Truth to tell, the organizers of Painting the Blue Period have little truck with the moral soundness of Picasso’s moral probity. Co-curators Kenneth Brummel of the Art Gallery of Ontario and Susan Behrends Frank, associate curator of research at the Phillips, are interested in Picasso as–dare one say it?–an artist. Turns out that Brummel and Frank actually like art. Among the blessings of the exhibition is the absence of political posturing–guilt-mongering, really–that is all but de rigueur for curators nowadays. Instead, visitors learn how a given drawing, painting, sculpture or print was influenced by Picasso’s immediate environment or a particular motif (whether sacred or profane), and how it was realized through the accumulation of graphite, charcoal or oil paint. A significant part of the exhibition is, in fact, given over to process, conservation and scientific analysis. Three canvases–“The Soup” (1903), “Crouching Beggarwoman” (1902), and the Phillips’s own “Blue Room” (1901)–were subject to a variety of intensive imaging techniques.

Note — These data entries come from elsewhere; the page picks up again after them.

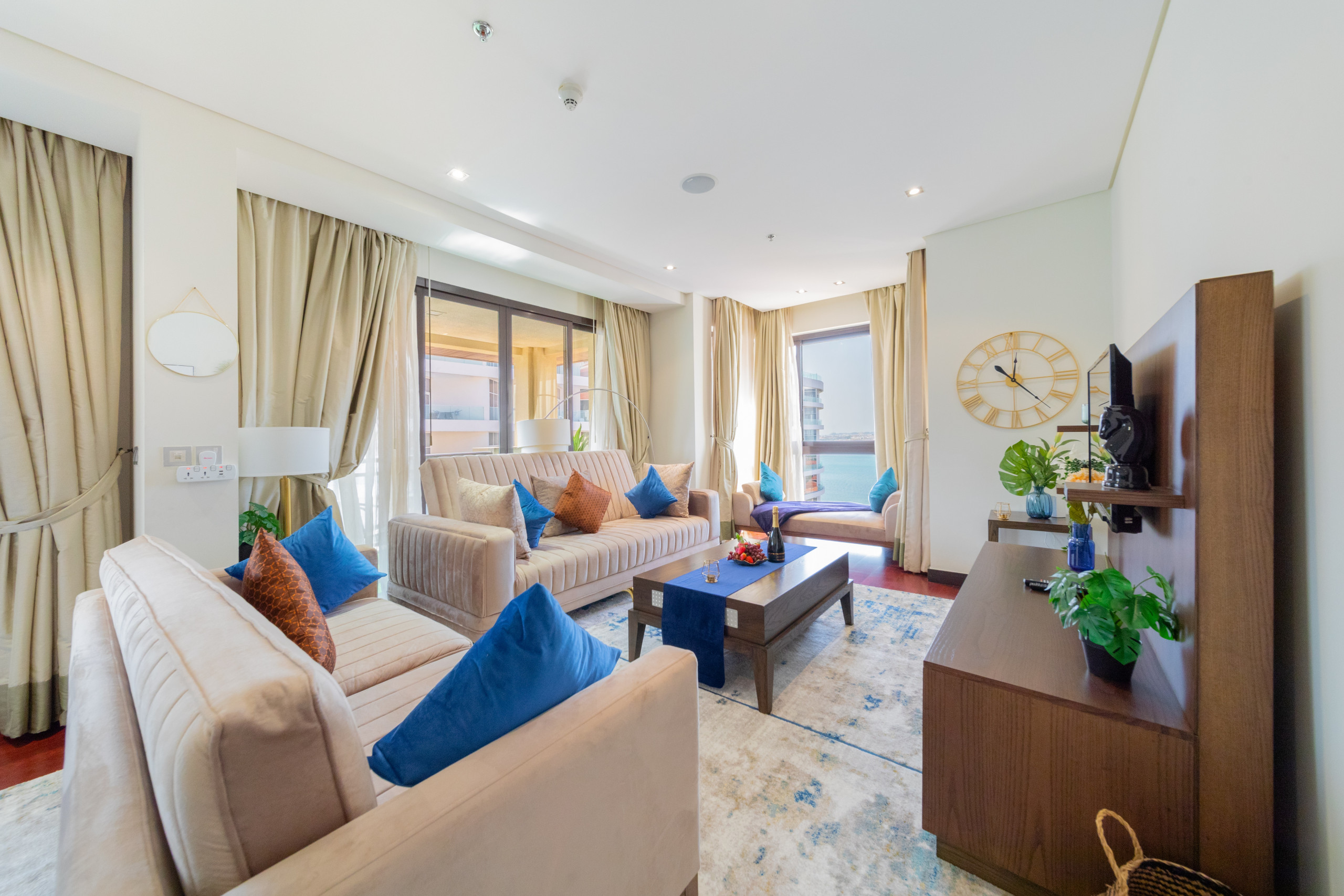 Palazzo Nakheel PalmJumeirah: Stylish 2-Bedroom Apartment with Sea Views and Private Beach Access, Palm Jumeirah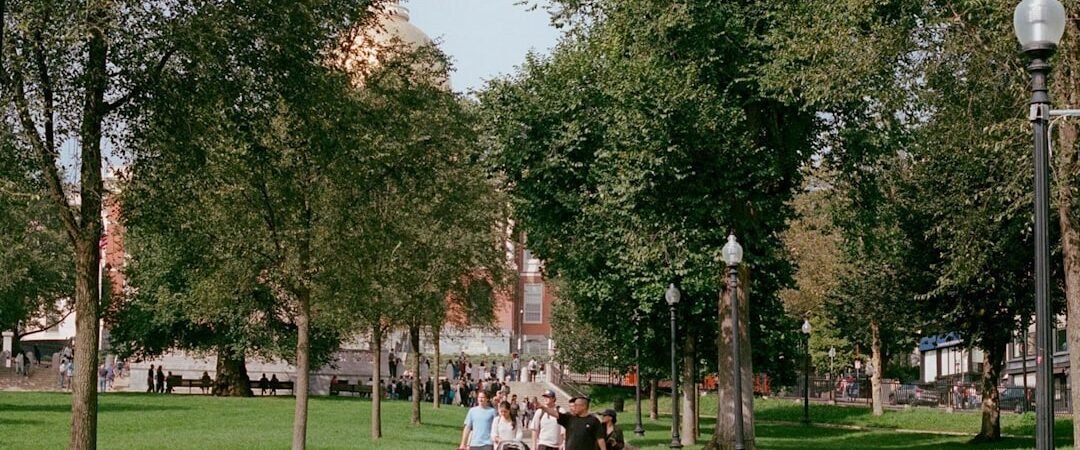 Guide Complet des Visites de Campus Universitaires : Conseils Financiers pour les Familles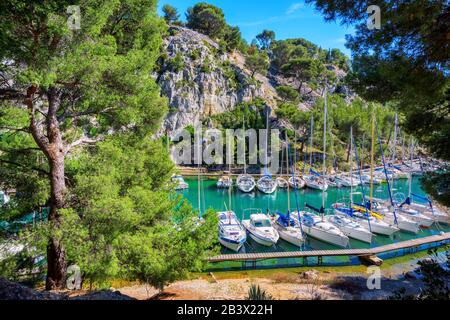 Weiße Boote in Calanque de Port Miou, einem der größten Fjorde in Cassis, Provence, Frankreich Stockfoto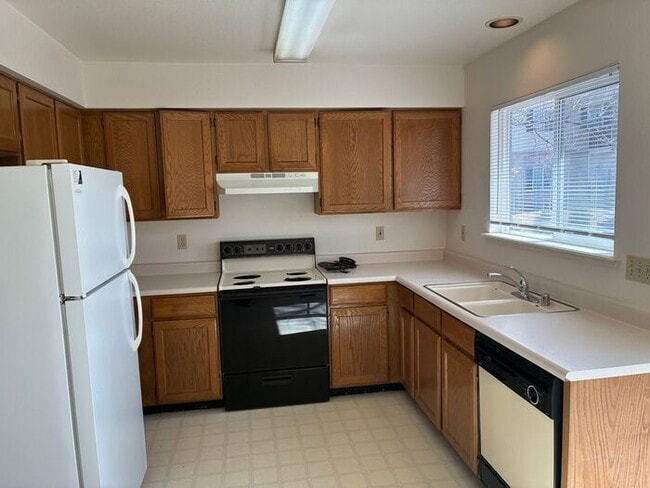 Photo - 2 Bed 1.5 Bath Townhouse End Unit in North Central Loveland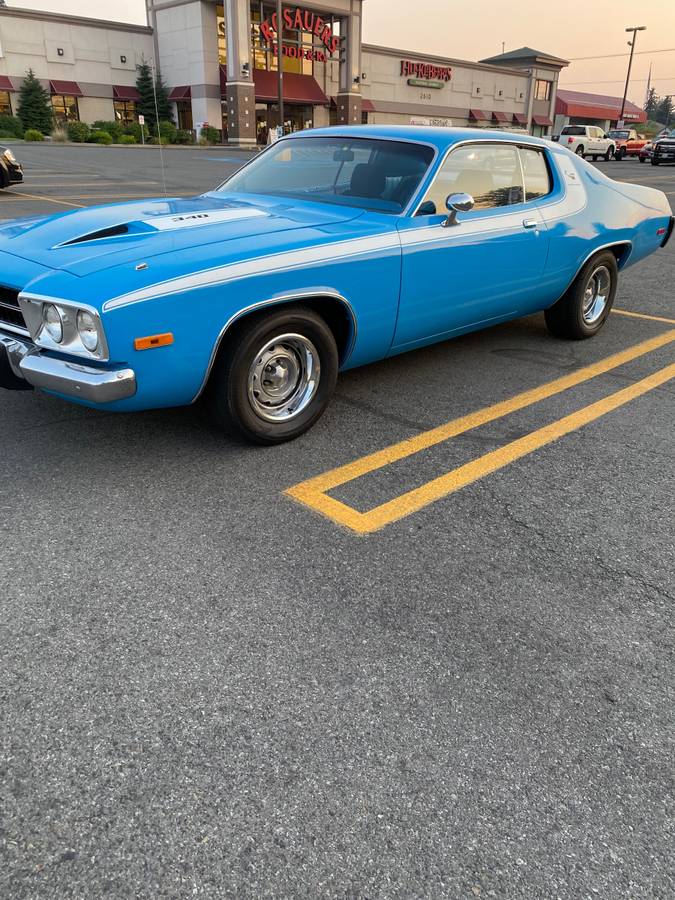 Plymouth-roadrunner-1973-blue-19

Painting aficionados will relish the opportunity to see X-ray photographs displaying how Picasso recycled canvases and imagery. Discovering how he upended a landscape painting and morphed it into “Crouching Beggarwoman” provides an especially telling sidebar. At the age of twenty-one, Picasso was already attuned to the power and possibilities of transformation.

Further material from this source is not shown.